She did not give him a chance to reply though he reached for her again. She whisked herself about and out of the room and fled upstairs to her bedchamber as if being pursued by a thousand devils.

 

It had snowed a little more during the night. The viscount stood at his window, eager to go downstairs to begin the day, yet wanting at the same time to stay where he was until he could safely escape to the Oxendens' house. He wanted to go downstairs because he had told her the truth last night. She had brought Christmas to his home for the first time in many years, and he found himself hungry for it. And yet he dreaded seeing her this morning after his unpardonable indiscretion of the night before. And he dreaded seeing Veronica. He dreaded being confronted with love. He had decided six years ago to the day that he must be incapable of loving enough to satisfy another person. He had confined his feelings since then to friendships and to lust.

She was wrong. It was not that he put the conventions of society before love as much as that he did not believe he could love his daughter as well as a carefully chosen couple would. He wanted Veronica to have a happy childhood. Because he loved her. He tested
the thought in his mind, but he could not find fault with it. He did love her. The thought of giving her up to another couple was not a pleasant one. And that was an understatement.

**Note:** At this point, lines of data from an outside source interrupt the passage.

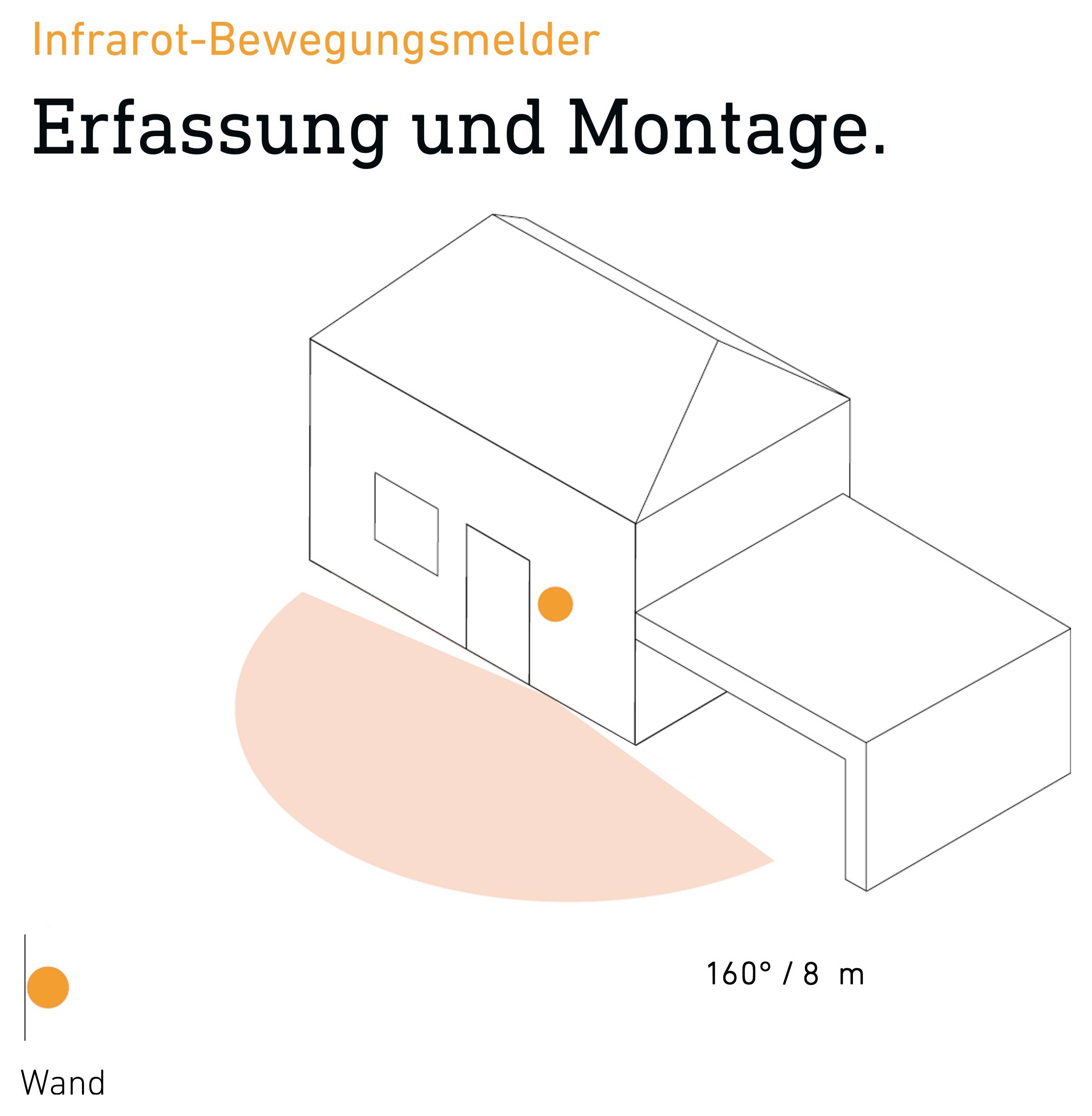 Diagramm eines Infrarot-Bewegungsmelders: 'Erfassung und Montage' an der Wand, Erfassungsbereich 160°/8 m vor einem Haus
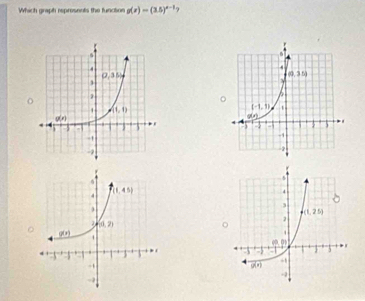 Which graph represents the function g(x)=(3.5)^x-1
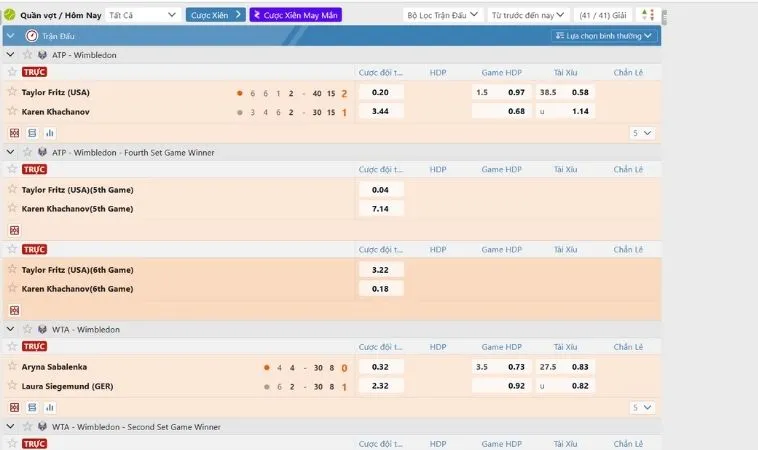 Tìm Hiểu Cá Cược Quần Vợt 8KBet: Hướng Dẫn Chi Tiết Nhất 2025 2 Bảng kèo cá cược quần vợt 8KBet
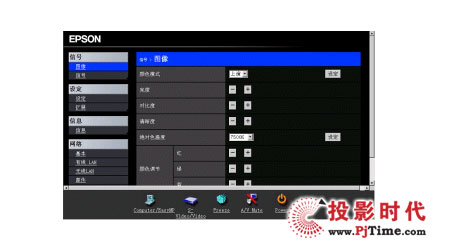 圖4：Web 控制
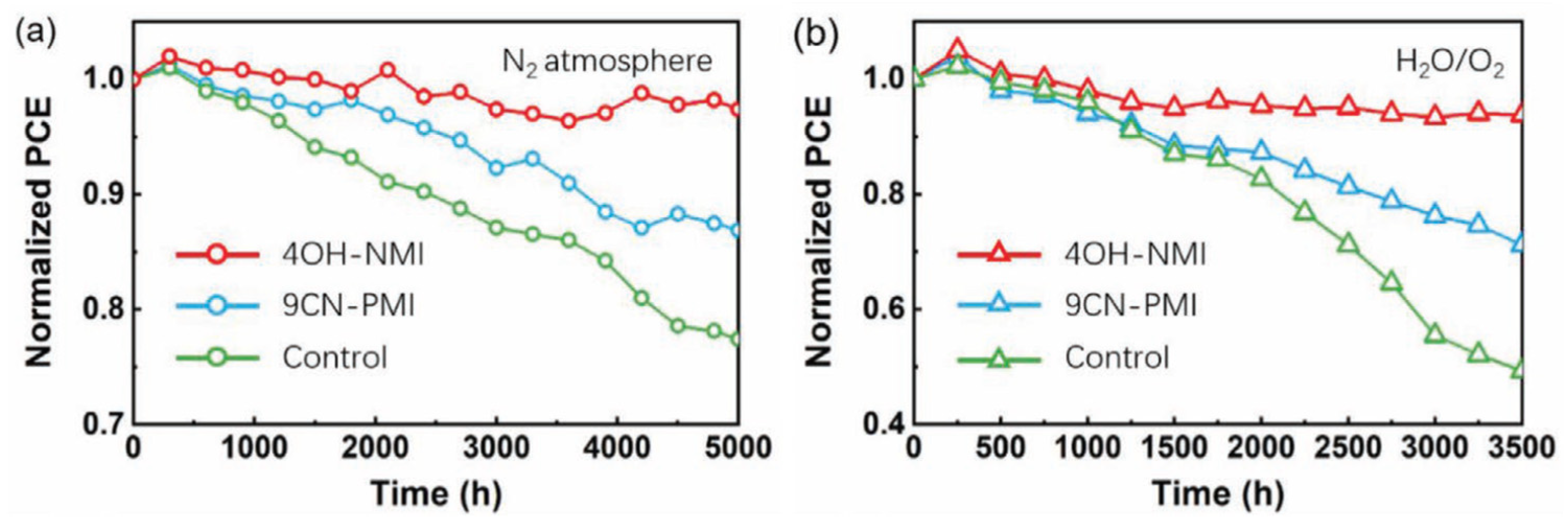 Molecules 29 00559 g014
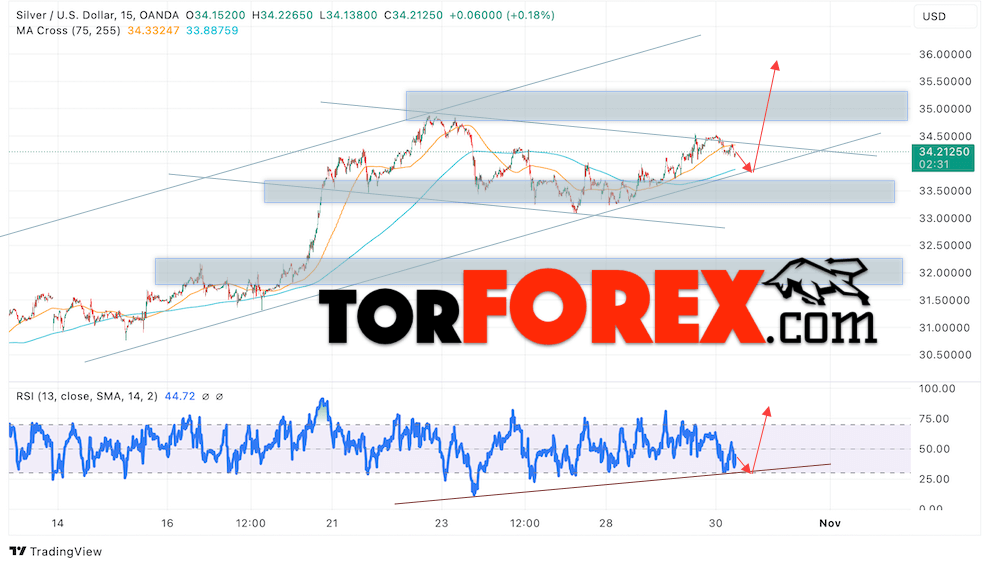 Прогноз Серебра на сегодня 31 октября 2024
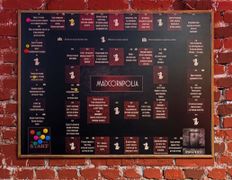 Игровое пространство Mad Corn (Мэд Корн), Комната Loft - фото 6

He was the first one downstairs. Before going to the breakfast room he went into the drawing room to take the parcels he had bought in a visit to a nearby town two days before and a few he had brought home with him and to set them down beside the rudely carved but curiously lovely Nativity scene with its Mary and Joseph and babe in a manger and a single shepherd and lamb. They had been set up last night. He was seeing them for the first time.

He looked about the room. And he thought of his irritation at finding himself saddled with his niece for Christmas and of her sullenness at being abandoned by her parents and left to his care. And of the terrible aloneness of Veronica as she had sat in his hall, like a labeled parcel abandoned until someone could find time to open it.

Yes, Jane had transformed his home and the three of them who lived in it with her. Under the most unpromising of circumstances she had brought the warmth and joy of Christmas. He wondered if it was something she was accustomed to doing. But he knew even as he thought it that that was not it at all. If she had been about to spend Christmas alone at the school this year, then surely she must have spent it alone there last year and the year before. His heart chilled. Had she ever spent Christmas in company with others? Had she always been alone?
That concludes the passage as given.